Fanning out north-west from Amritsar, the Sikhs advanced first
on Peshawar. Ostensibly they intended to cajole the 'gift' of a prize
thoroughbred horse from the city's Afghan governor. But they
stayed on to waste the surrounding countryside and terrorise its
inhabitants most cruelly and barbarically. These Sikh armies were
oddly cosmopolitan in composition, including a Frenchman named
Ventura; an Italian, Avitable; and the American Josiah Harlan. But
it is Hari Singh, the most noted and brutal of Sikh generals, who
the Pathans remember, still prompting their children to behave with
the threat that 'Hari will get you.'
The Sikhs ceded their control of the area to the British in 1849.

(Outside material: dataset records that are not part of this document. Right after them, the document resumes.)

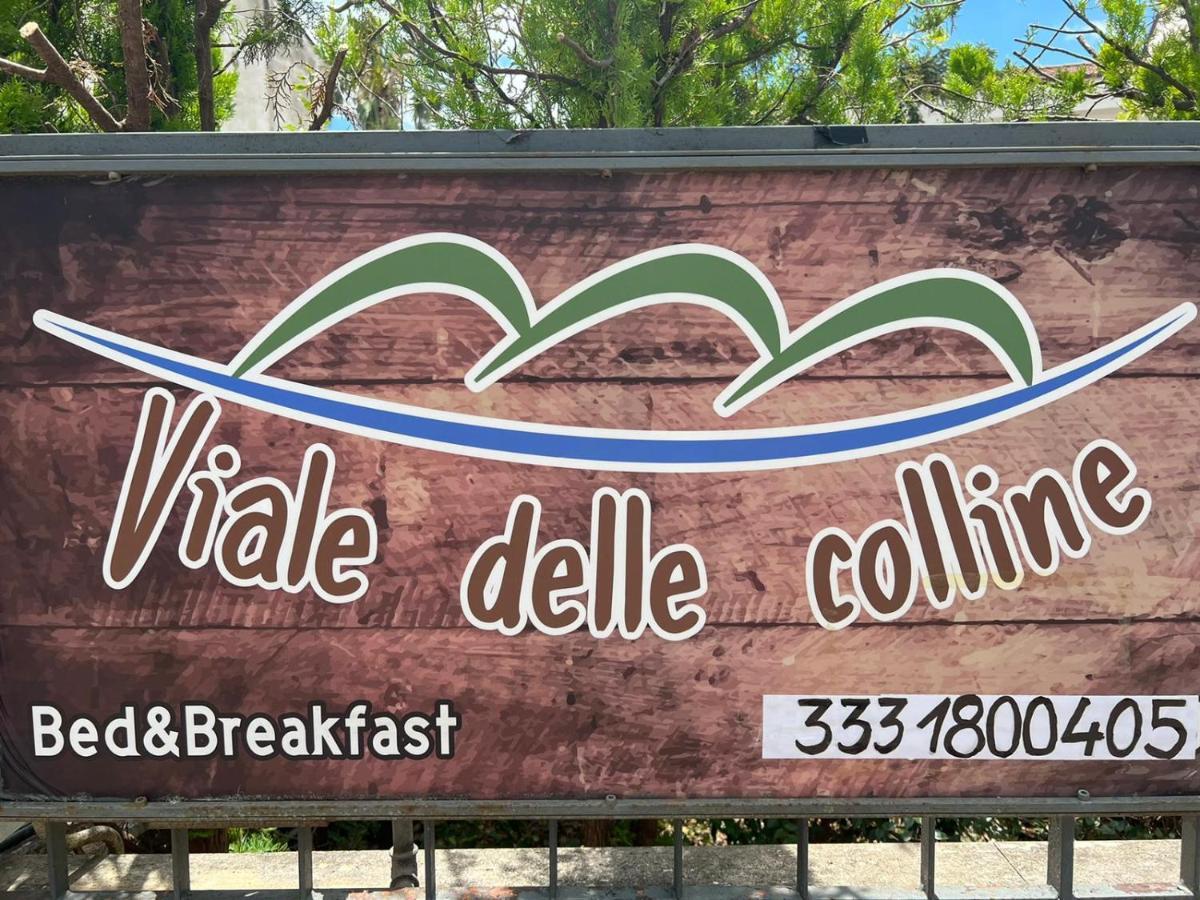 B&B Viale Delle Colline ซาแลร์โน ภายนอก รูปภาพ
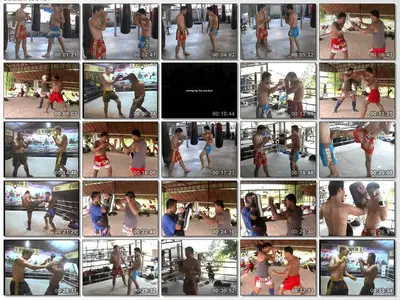 The Complete Muay Thai Home Study Course-Secrets from Thailand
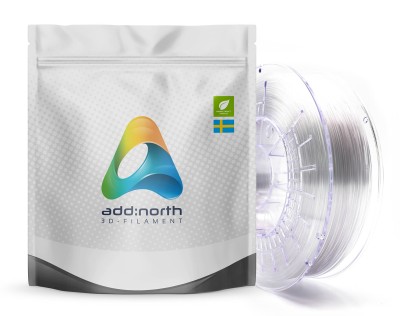 Addnorth HT-PLA, 1,75mm, 750g, Clear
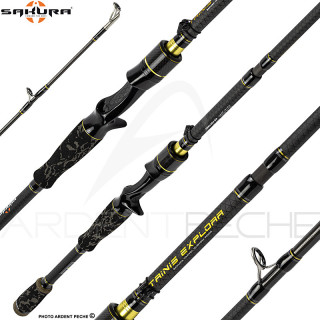 Canna casting SAKURA Trinis explora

The Pathans seem to have preferred them as their successors, because
the latter went out of their way to understand the Pukhtunwali, or
tribal law, to facilitate their administration of the territories, and
were prepared to compromise when the situation called for it.
During the first half of 1857, the notoriously untamable Zakka
Khel Afridis raided several areas around Peshawar that were under
British jurisdiction. The agreement signed with the Afridis to end
this trouble is dated August 24, 1857, and is in the India Office
archives in London. Article 5 reads: 'Reparation is not to be made in
the event of any person of the tribe abducting the wife or daughter
of a resident of British territory, but if he should have brought off
any property also, that shall be returned.'
One reason for this apparent indulgence of the Pathans' eccentric
obsession with women may be evinced from the document's date.
In August 1857, the Sepoy Rebellion - the so-called Mutiny -
rumbled on unchecked, with Delhi in the hands of rebel forces.